> [TASK REQUIREMENTS] When you reach the line containing "Chaqueta Vaquera Sloth Dabs (Reverso )" in the entries below, repeat it and each line after it exactly until the entries end.
----- RECORDS FOR THE TASK
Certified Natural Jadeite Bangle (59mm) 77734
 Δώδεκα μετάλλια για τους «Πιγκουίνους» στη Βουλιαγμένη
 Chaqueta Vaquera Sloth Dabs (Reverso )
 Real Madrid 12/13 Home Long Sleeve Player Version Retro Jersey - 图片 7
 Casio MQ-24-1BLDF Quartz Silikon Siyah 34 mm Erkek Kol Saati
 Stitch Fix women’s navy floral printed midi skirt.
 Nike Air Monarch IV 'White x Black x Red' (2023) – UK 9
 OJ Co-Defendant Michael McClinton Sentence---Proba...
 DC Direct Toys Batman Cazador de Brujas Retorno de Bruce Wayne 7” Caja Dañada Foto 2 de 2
----------
> [ANSWER FOR THE TASK]
 Chaqueta Vaquera Sloth Dabs (Reverso )
 Real Madrid 12/13 Home Long Sleeve Player Version Retro Jersey - 图片 7
 Casio MQ-24-1BLDF Quartz Silikon Siyah 34 mm Erkek Kol Saati
 Stitch Fix women’s navy floral printed midi skirt.
 Nike Air Monarch IV 'White x Black x Red' (2023) – UK 9
 OJ Co-Defendant Michael McClinton Sentence---Proba...
 DC Direct Toys Batman Cazador de Brujas Retorno de Bruce Wayne 7” Caja Dañada Foto 2 de 2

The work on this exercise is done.